Doch im Alltag führt sie einen Kampf gegen Taschenrechner und Kalkulationstabellen. Dienst nach Vorschrift findet bei Künstlern indes nur selten statt. Stephanie Borkenfeld-Müllers klappt also nicht nach 32,19 Stunden, wie es der Vertrag vorschreibt, den Klavierdeckel zu. Sonderproben mit den Kirchenchören, die Gottesdienste, Hochfeste, Feiertage, die Arbeit mit Instrumentalensembles, Oratorienkonzerte sowie die Odenkirchener Abendmusiken — sie übt eine absolute Vollzeitstelle aus, die jedoch nicht als solche honoriert wird.

Als sie vor 21 Jahren in Odenkirchen angefangen hat, wurde sie vom Bistum bezahlt, heute fallen die Kirchenmusiker in die Eigenverantwortung der Pfarrgemeinden. "Diese Dinge auf den Prozentpunkt genau auszurechnen ist nicht möglich. Man kann diesen Job nicht in ein Zeitraster pressen", erklärt die Kantorin und ergänzt: "Das Bistum müsste mehr mitmischen, wie früher, und nicht die Leute hier damit vor Ort allein lassen. Das Bistum zieht sich zu sehr raus."
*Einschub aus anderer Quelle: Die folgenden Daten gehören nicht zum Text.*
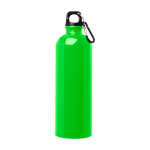 Gourde en acier inoxydable recyclé avec mousqueton 750ml couleur vert fluorescent deuxième vue frontale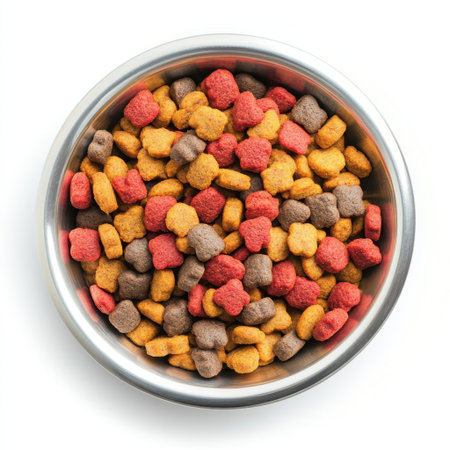 A vibrant assortment of colorful pet food in a sleek metal bowl. Ideal for pet owners looking to nourish their dogs or cats with appealing dry food shapes and textures.の素材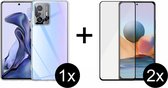 Xiaomi Mi 11T/11T Pro hoesje siliconen case transparant - Full Cover - 2x Xiaomi Mi 11T/11T Pro screenprotector screen protector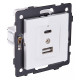 Розетка 2хUSB type A и C без рамки Kollinger REA-037WH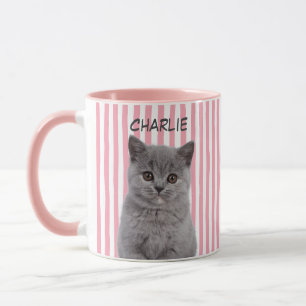 カスタムペットフォト 猫 犬 オーナー ピンクストライプ マグカップ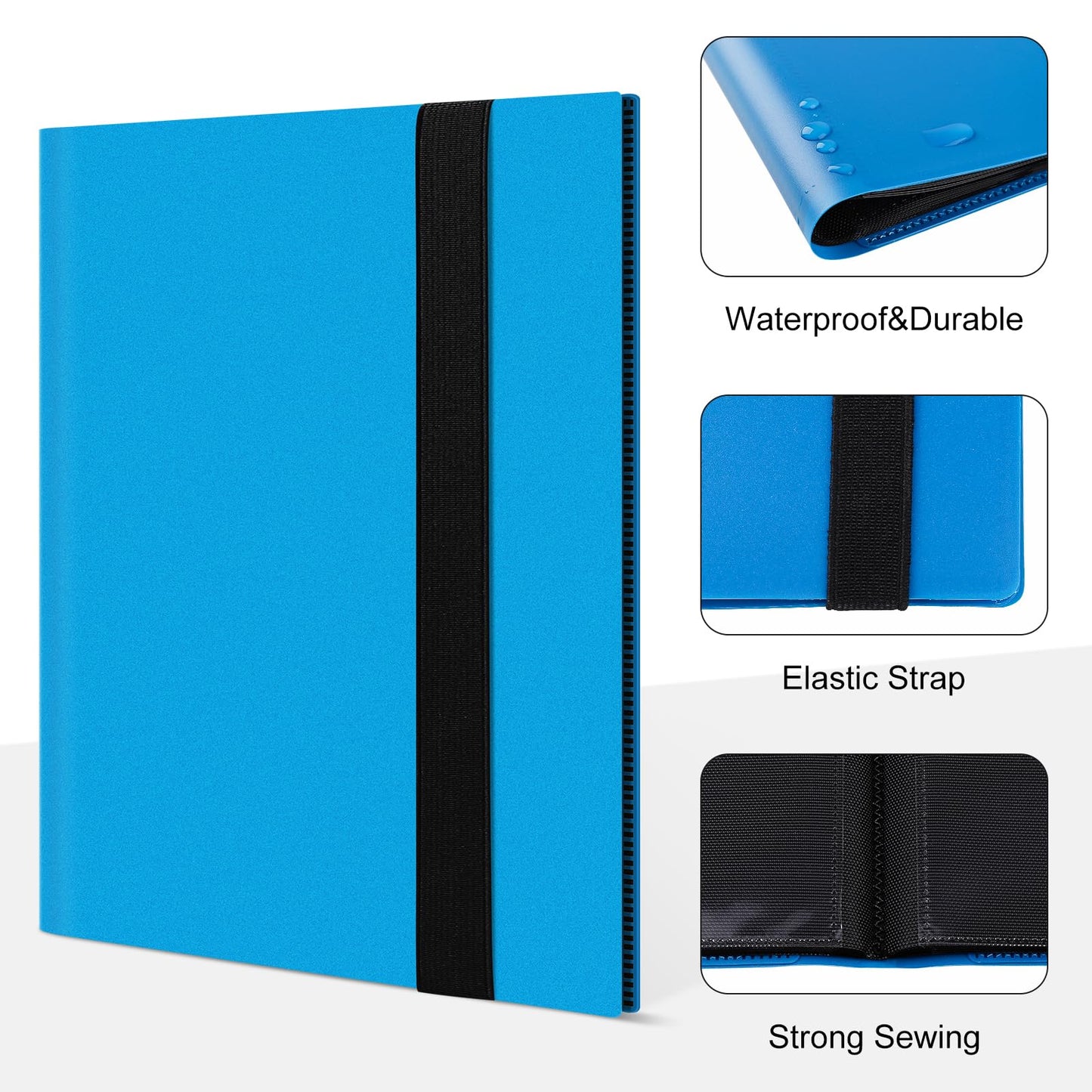 TiopLior 4 Pocket Card Binder – 160 Sleeves, 2.5 x 3.5in Cards, MTG & Sports Card Album (Blue)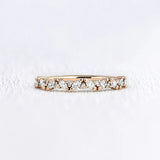 Round & Marquise Cut Moissanite Half Eternity Band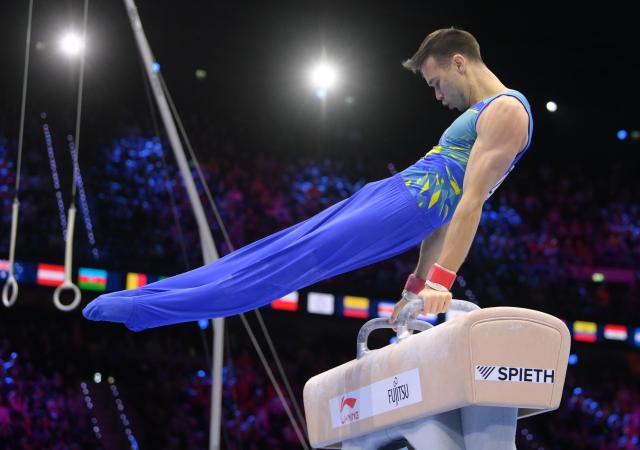 (261025) -- ROTTERDAM, Oct. 25, 2026 (Xinhua) -- Nariman Kurbanov of Kazakhstan competes during the men's pommel horse final at the Artistic Gymnastics World Championships 2026 in Rotterdam, the Netherlands, Oct. 24, 2026. (Xinhua/Weng Xinyang)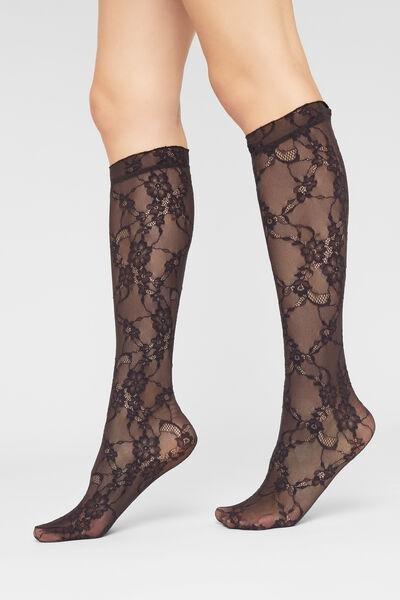Black Floral Lace Knee-High Cotton Socks, 5501_095F, medium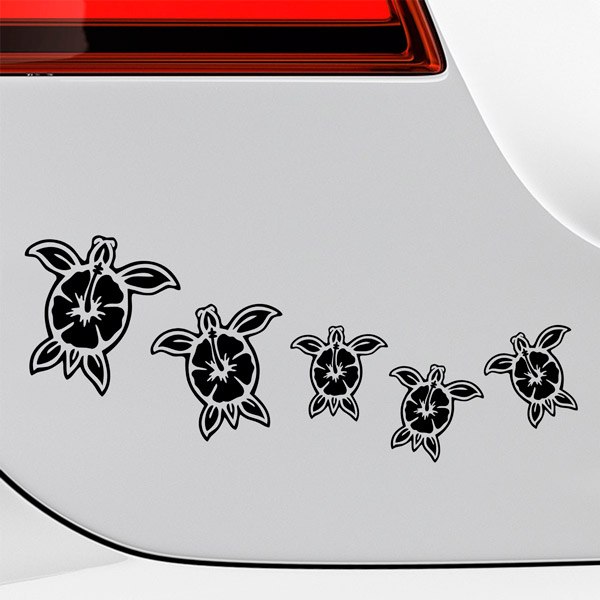 Car & Motorbike Stickers: Set 5X Surf Turtles
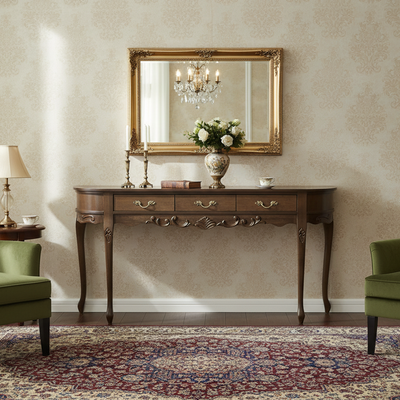 Aparador Oval Luis XV Entalhado 3 Gavetas Verniz Imbuia + Cores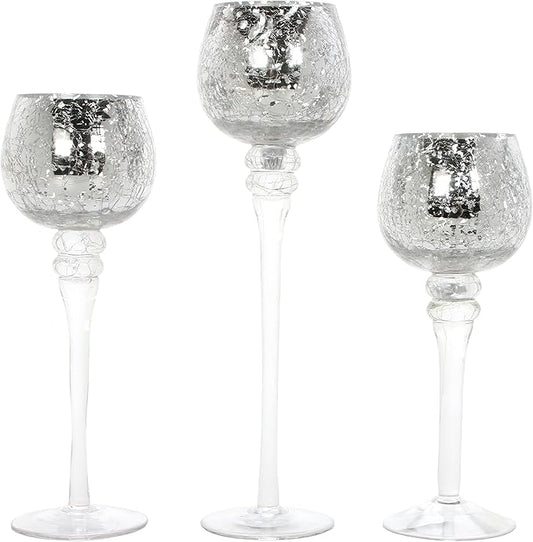 Hosley Set of 3 Crackle Metallic Glass Tealight Holders 12 Inch, 10 Inch, 9 Inch Elegant Home Decor for Ambient Lighting and Stylish Centerpieces and Gift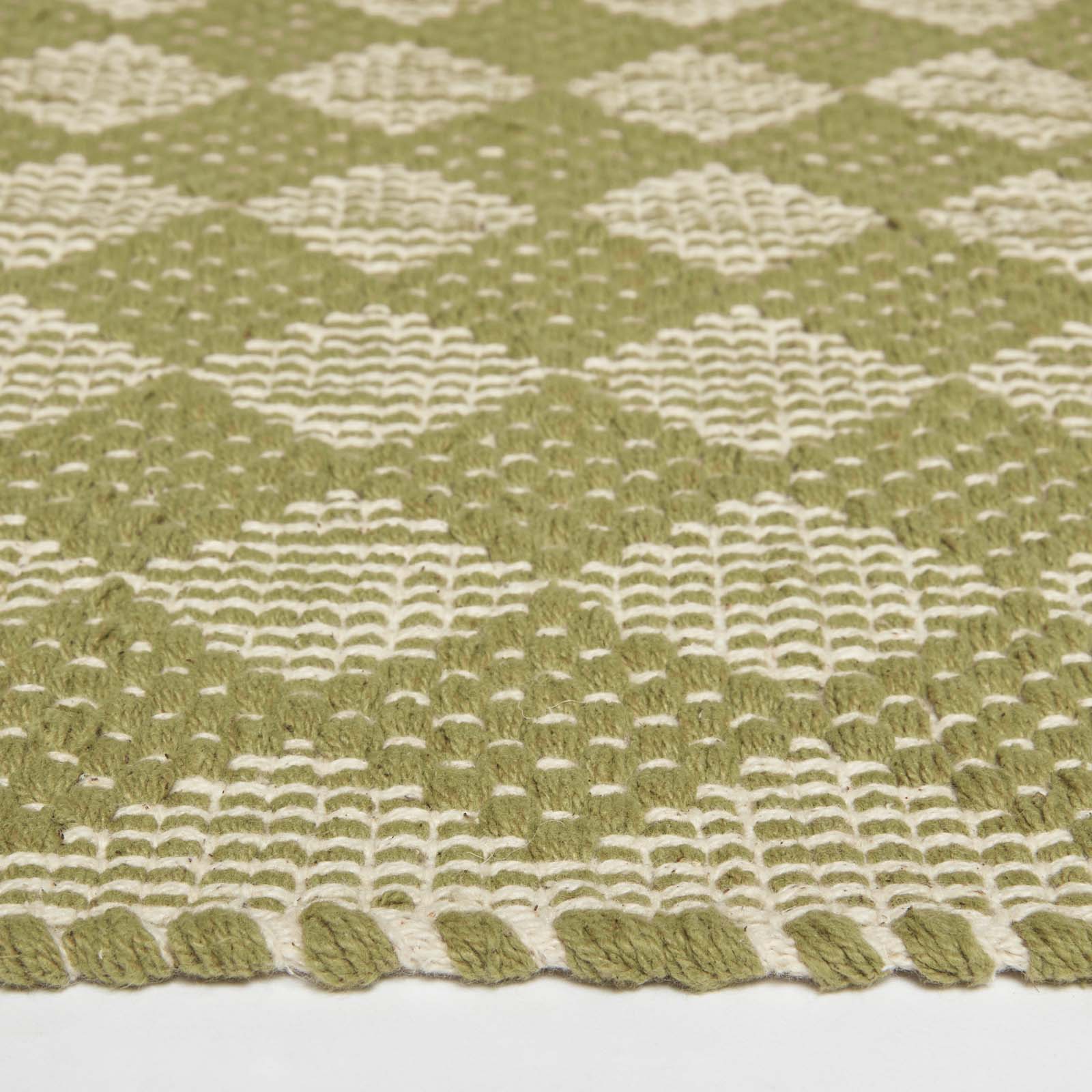 Lima Handwoven Green Cotton Textured Rug | 120cm x 180cm | Ochre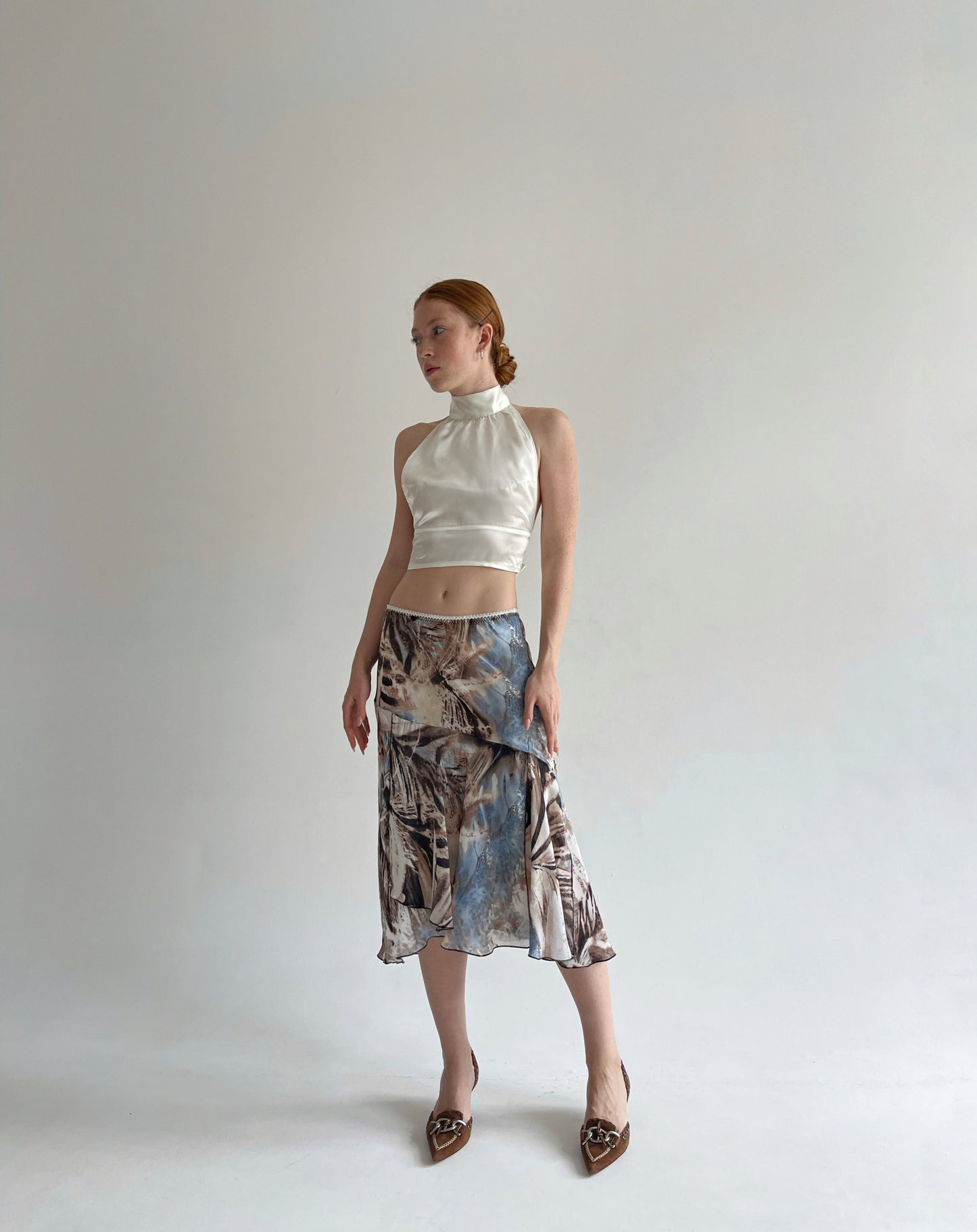 Vintage midi printed skirt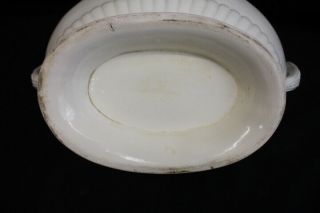 Large Antique Mid - 19th Century White Earthenware Soup Tureen W/Lid & Underplate 10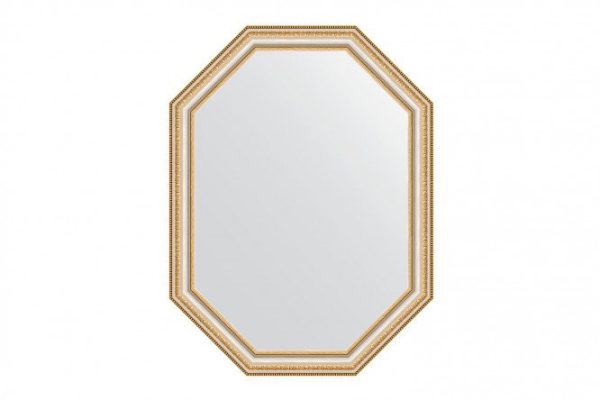 Wall mirror in a baguette frame EVOFORM Polygon BY 7051, gold beads on silver 61x81 cm
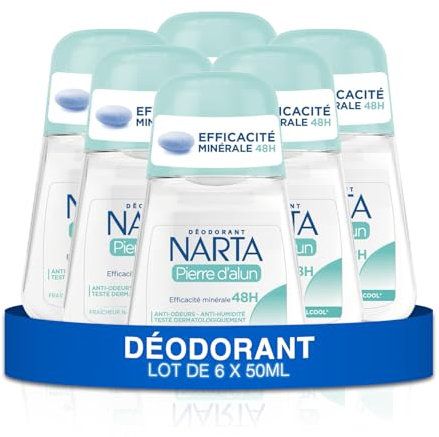 Narta - Déodorant Femme Bille - Pierre d'Alun Efficacité Minérale 48h Sans Alcool - lot de 6 x 50ml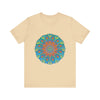 Vibrant and intricate rainbow mandala tee with beautiful and colorful design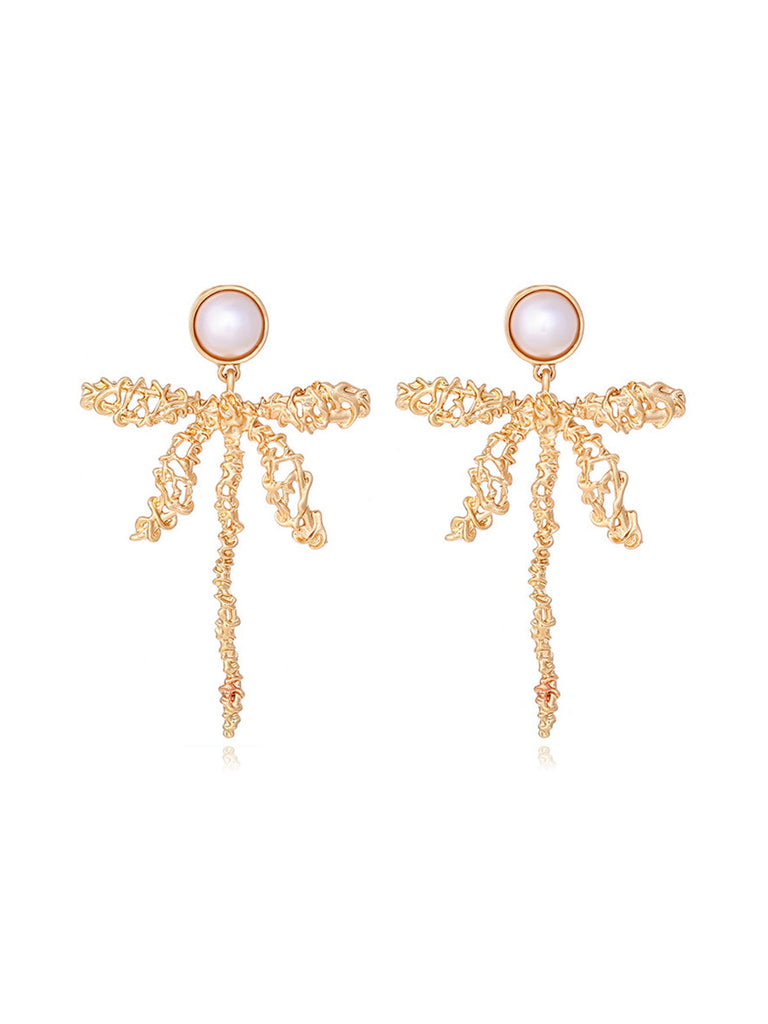 Retro Perle Libellendraht Tropfenohrringe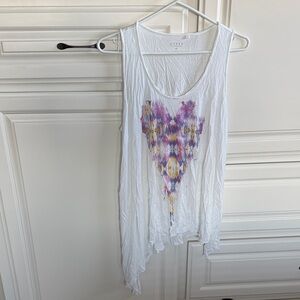 Guess White Tank Top with Heart Design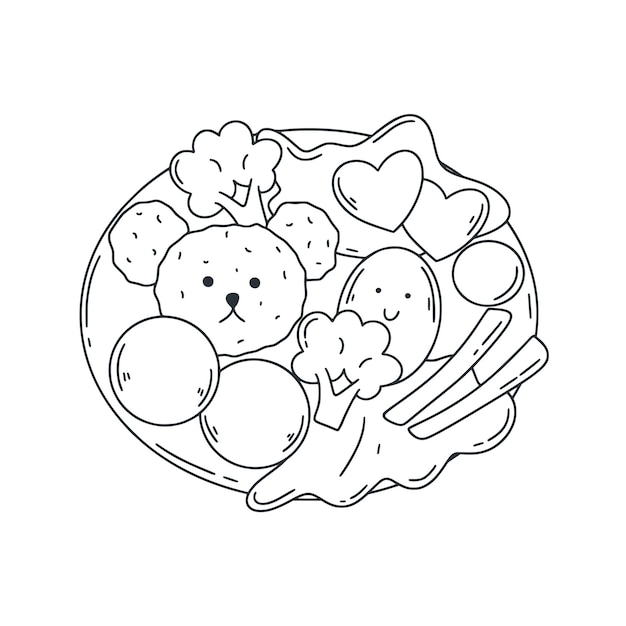 Bento kids food set doodle style illustration einfache tintenskizze kindermittagessen mit asiatischem essen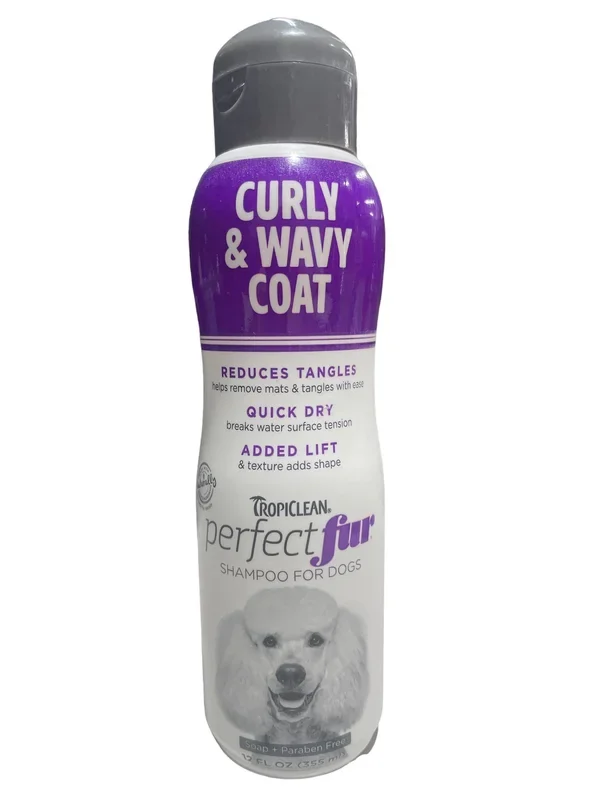 TropiClean Perfect Fur Detangling Dog Shampoo for Breeds with Curly & Wavy Fur 12 fl oz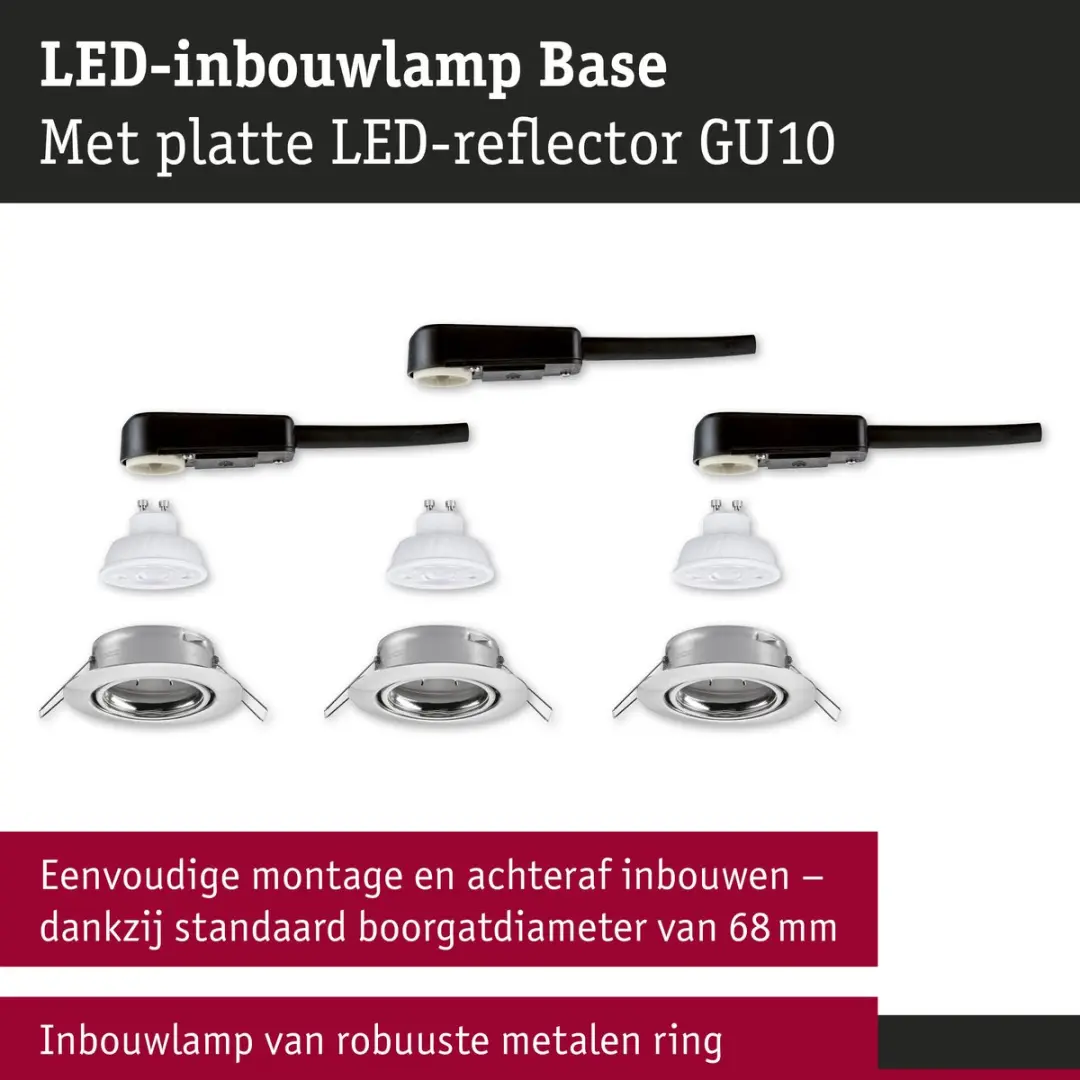 Paulmann LED-inbouwlamp Base GU10 Flat 3x4,9W - 1650lm - Draaibaar - Staal geborsteld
Als Stephanie Borkenfeld-Müllers kürzlich in Mailand ein Konzert gegeben hat, hat sie eine ganz andere Volksfrömmigkeit bei den Italienern zu spüren bekommen. "Es war in der italienischen Basilika wirklich ganz anders als bei uns in der Kirche. Wir müssten hier auch wieder mehr dahin kommen, Kirche als Mittelpunkt des täglichen Lebens zu gestalten. Es gibt so viele Feiertage, die im Alltag untergehen. Das muss wieder viel mehr ins Bewusstsein gerückt werden — und die Musik kann dazu viel beitragen."

Denn Kirchenmusik definiert sich für die Odenkirchener Organistin nicht nur über Konzerte, sondern wesentlich sind für sie die Gottesdienste, die abwechslungsreich und auf hohem künstlerischen Niveau gestaltet sein sollen.